Miso ranks #439 with 282 entries, registered gender-neutral. The name comes from Japanese miso (the fermented soybean paste central to Japanese cuisine), and it sits firmly in the food-name cluster of pet picks — specifically the savory-Asian-cuisine sub-bucket alongside Mochi, Sushi, Ramen, and Tofu.

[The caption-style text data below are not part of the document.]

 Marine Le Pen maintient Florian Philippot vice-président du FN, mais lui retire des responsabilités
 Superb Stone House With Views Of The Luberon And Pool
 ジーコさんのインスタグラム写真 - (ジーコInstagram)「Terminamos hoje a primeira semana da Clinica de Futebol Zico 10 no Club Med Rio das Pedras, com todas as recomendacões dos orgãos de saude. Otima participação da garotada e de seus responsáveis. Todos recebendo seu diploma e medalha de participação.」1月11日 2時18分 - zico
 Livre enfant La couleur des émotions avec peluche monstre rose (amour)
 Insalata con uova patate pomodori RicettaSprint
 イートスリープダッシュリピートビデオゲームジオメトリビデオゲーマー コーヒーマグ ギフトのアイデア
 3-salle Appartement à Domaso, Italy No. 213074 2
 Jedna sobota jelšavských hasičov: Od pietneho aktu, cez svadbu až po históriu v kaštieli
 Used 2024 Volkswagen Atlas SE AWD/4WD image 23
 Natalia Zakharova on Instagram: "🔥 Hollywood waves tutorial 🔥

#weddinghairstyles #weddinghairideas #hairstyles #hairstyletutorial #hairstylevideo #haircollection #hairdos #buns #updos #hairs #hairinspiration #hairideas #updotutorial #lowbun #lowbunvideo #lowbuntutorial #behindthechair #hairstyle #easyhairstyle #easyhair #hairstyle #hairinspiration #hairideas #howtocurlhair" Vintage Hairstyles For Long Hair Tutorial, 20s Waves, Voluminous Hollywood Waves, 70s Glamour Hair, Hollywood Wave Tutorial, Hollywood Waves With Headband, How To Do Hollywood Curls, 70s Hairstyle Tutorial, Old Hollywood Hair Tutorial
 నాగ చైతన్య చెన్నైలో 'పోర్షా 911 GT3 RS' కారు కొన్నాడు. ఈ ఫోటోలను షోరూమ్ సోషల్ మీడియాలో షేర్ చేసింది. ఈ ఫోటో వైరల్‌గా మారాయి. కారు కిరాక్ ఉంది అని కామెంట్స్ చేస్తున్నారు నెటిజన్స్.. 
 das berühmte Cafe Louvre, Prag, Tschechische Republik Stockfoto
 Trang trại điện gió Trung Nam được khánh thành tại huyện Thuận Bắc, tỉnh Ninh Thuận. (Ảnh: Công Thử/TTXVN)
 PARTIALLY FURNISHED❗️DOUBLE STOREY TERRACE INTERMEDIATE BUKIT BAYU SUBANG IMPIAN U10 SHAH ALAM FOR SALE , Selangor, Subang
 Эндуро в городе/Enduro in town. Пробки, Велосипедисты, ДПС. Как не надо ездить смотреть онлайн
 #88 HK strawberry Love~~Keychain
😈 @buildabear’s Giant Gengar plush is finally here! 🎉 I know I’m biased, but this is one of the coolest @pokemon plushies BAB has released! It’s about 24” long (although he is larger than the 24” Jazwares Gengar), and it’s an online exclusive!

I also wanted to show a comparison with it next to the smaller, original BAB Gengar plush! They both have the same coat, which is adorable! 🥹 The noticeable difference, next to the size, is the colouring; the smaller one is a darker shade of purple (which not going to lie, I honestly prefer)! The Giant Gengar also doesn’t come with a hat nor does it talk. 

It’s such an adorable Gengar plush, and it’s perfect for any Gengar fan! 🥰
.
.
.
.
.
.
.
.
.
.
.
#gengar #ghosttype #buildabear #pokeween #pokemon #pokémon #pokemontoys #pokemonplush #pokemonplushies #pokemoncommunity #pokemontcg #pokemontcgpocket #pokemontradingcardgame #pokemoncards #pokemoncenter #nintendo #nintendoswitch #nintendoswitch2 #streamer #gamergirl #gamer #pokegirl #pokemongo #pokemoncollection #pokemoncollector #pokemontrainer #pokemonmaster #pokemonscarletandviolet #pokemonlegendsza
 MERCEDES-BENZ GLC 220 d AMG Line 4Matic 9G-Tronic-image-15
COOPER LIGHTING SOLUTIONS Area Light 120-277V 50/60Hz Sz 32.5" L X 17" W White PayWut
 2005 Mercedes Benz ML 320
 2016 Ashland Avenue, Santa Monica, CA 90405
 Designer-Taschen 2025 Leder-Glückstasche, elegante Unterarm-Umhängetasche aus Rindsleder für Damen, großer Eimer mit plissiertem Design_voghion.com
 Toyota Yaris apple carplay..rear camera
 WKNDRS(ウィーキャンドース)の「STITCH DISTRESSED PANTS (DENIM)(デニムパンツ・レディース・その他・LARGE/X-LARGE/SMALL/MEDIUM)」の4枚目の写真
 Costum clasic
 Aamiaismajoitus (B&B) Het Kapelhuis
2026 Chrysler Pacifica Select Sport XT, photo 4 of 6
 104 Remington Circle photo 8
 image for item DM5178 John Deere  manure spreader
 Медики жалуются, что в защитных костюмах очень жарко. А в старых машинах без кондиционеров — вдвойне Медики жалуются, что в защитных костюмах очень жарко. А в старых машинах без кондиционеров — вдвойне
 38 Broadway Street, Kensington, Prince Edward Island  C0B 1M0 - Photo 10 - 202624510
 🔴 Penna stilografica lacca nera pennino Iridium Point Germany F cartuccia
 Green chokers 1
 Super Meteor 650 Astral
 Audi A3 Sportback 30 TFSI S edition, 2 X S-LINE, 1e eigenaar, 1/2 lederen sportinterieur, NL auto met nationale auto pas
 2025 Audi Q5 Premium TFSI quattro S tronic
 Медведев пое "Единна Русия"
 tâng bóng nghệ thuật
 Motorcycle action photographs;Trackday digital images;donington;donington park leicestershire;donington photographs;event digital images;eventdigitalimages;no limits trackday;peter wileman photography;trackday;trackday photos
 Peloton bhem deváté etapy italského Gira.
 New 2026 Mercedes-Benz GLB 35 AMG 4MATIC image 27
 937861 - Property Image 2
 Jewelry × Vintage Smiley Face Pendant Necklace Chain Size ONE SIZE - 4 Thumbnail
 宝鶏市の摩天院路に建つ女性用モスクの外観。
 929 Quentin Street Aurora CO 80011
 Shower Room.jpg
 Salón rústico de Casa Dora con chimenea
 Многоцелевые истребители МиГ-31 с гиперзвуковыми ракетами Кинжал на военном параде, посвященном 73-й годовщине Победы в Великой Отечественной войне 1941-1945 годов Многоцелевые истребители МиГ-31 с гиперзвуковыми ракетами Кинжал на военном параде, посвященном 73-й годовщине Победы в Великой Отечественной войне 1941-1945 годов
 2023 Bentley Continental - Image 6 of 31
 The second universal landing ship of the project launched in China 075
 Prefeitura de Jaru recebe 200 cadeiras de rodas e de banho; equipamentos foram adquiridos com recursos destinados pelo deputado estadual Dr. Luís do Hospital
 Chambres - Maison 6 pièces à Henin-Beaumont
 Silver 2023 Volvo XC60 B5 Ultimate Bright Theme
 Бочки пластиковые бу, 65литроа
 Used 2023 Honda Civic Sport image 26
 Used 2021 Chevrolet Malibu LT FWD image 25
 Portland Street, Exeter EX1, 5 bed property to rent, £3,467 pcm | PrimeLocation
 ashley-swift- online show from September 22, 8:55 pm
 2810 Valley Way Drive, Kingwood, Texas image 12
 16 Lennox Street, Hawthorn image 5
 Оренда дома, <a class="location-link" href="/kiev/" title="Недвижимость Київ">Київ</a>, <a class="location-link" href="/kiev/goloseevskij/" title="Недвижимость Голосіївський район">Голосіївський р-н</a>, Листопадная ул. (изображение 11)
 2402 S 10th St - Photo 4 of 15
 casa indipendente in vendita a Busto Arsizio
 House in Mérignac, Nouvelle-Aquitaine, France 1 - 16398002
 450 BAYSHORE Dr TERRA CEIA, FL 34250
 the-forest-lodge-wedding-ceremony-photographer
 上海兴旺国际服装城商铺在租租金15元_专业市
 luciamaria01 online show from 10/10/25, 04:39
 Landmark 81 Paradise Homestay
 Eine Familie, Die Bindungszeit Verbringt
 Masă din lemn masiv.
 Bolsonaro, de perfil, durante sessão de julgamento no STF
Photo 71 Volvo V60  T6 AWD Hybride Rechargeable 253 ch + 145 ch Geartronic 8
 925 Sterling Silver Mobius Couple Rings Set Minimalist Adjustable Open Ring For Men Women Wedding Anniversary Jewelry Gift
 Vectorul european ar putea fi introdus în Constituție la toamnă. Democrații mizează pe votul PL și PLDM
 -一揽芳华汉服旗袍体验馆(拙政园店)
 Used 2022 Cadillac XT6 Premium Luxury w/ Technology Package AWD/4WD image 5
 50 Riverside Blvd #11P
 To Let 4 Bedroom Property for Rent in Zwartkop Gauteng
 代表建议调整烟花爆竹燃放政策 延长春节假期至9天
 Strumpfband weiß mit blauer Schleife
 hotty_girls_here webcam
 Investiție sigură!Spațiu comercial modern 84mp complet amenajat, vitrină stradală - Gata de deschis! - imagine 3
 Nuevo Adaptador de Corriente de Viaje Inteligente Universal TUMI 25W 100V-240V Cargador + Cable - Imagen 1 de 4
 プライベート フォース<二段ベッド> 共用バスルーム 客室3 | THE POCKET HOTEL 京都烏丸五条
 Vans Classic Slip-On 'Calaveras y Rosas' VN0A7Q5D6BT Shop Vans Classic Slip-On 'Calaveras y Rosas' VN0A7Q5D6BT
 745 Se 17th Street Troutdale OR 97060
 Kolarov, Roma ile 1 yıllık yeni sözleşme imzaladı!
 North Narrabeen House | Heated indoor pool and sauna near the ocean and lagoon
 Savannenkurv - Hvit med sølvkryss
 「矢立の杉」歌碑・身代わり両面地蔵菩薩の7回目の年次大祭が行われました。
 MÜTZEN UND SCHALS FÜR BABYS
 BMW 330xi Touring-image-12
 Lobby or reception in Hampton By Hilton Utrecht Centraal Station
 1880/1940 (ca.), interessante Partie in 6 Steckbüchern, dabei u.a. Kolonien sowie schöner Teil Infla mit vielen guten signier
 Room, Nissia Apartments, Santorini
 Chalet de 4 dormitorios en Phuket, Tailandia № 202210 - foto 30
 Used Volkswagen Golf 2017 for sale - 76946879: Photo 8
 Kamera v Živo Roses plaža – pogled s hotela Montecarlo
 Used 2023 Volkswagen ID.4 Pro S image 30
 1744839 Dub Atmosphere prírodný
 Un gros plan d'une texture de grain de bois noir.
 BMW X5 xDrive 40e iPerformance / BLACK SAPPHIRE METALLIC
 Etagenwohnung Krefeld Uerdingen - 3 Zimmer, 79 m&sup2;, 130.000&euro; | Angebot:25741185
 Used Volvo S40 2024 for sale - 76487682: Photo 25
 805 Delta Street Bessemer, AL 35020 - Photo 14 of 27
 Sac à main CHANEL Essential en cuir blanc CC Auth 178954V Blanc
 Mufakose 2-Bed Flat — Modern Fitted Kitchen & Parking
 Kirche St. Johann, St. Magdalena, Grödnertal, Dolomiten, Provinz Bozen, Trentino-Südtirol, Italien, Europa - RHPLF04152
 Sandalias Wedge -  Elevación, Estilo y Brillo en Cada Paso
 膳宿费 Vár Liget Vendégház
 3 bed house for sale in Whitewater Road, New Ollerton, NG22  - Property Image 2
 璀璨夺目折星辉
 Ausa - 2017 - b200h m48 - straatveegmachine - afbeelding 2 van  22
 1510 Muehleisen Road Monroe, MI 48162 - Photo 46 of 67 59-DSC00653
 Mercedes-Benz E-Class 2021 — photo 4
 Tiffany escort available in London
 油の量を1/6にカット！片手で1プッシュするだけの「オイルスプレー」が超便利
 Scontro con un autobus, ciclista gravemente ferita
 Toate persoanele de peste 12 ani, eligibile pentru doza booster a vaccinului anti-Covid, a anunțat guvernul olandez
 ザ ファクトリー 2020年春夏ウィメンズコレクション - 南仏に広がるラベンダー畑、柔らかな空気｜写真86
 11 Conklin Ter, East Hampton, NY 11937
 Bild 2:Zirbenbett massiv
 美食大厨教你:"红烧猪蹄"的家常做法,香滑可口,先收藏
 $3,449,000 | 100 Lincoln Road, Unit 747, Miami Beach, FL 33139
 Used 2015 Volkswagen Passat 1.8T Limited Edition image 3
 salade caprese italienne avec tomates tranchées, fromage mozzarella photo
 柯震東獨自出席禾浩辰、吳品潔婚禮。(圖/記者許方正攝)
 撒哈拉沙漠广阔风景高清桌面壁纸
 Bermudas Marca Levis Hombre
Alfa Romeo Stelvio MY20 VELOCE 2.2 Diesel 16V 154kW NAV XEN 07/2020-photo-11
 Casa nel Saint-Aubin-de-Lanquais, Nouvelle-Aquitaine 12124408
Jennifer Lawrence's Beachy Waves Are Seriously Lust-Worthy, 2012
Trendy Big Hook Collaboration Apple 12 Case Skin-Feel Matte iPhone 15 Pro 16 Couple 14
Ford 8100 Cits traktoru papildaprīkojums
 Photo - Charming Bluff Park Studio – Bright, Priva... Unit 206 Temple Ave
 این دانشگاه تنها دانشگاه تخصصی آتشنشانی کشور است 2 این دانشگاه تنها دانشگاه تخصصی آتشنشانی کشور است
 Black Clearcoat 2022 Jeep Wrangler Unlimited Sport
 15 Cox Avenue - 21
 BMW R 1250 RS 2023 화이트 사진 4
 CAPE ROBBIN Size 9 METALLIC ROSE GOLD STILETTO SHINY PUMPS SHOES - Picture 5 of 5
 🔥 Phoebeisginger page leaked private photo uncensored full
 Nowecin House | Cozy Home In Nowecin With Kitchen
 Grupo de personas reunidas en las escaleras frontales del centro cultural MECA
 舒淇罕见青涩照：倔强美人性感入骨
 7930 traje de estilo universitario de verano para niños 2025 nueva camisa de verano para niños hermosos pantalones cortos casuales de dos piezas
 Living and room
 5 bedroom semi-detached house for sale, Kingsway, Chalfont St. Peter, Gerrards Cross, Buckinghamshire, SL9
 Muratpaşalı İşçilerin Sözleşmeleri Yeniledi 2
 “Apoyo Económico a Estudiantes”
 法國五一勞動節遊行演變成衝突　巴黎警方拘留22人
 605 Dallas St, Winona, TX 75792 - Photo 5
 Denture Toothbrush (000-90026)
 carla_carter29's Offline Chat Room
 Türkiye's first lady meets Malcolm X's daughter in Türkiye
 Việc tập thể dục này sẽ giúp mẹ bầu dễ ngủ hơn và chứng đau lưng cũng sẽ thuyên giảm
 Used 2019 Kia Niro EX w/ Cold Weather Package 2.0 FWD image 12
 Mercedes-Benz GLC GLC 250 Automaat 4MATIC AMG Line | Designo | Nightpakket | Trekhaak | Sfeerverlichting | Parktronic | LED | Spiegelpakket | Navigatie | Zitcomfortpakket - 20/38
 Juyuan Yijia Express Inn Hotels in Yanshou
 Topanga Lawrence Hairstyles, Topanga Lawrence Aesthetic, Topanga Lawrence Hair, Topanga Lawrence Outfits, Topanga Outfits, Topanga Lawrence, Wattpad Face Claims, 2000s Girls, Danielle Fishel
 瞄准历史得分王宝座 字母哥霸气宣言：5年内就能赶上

The Asian food-name pattern
Miso belongs to a visible naming aesthetic that emerged strongly in the 2010s among urban, design-aware owners. Names in this cluster signal a specific register: well-traveled, food-curious, slightly cosmopolitan, and unbothered by the pet-as-dim-sum-pun joke. The cluster overlaps significantly with apartment-dwelling small-pet owners.
Breed lean and color fit
Miso lands disproportionately on small, beige-or-cream-coated breeds where the visual matches the namesake — Shiba Inus, French Bulldogs (cream/fawn), Pomeranians, Poodles, and small mixed breeds. There is also a meaningful cluster of orange and ginger cats wearing the name. The literal-color reading dominates the cluster more than the abstract food-curiosity reading.
The cute-name ceiling
Worth flagging: Miso reads firmly cute, and that limits how the name lands on a serious working dog. The food-pun layer also means the name is permanently context-dependent — strangers will smile every time they hear it, which is great if you want that energy and tiring if you do not. The human Miso page shows essentially zero SSA presence over recent decades; this lives entirely on the pet side and signals a specific cosmopolitan owner aesthetic.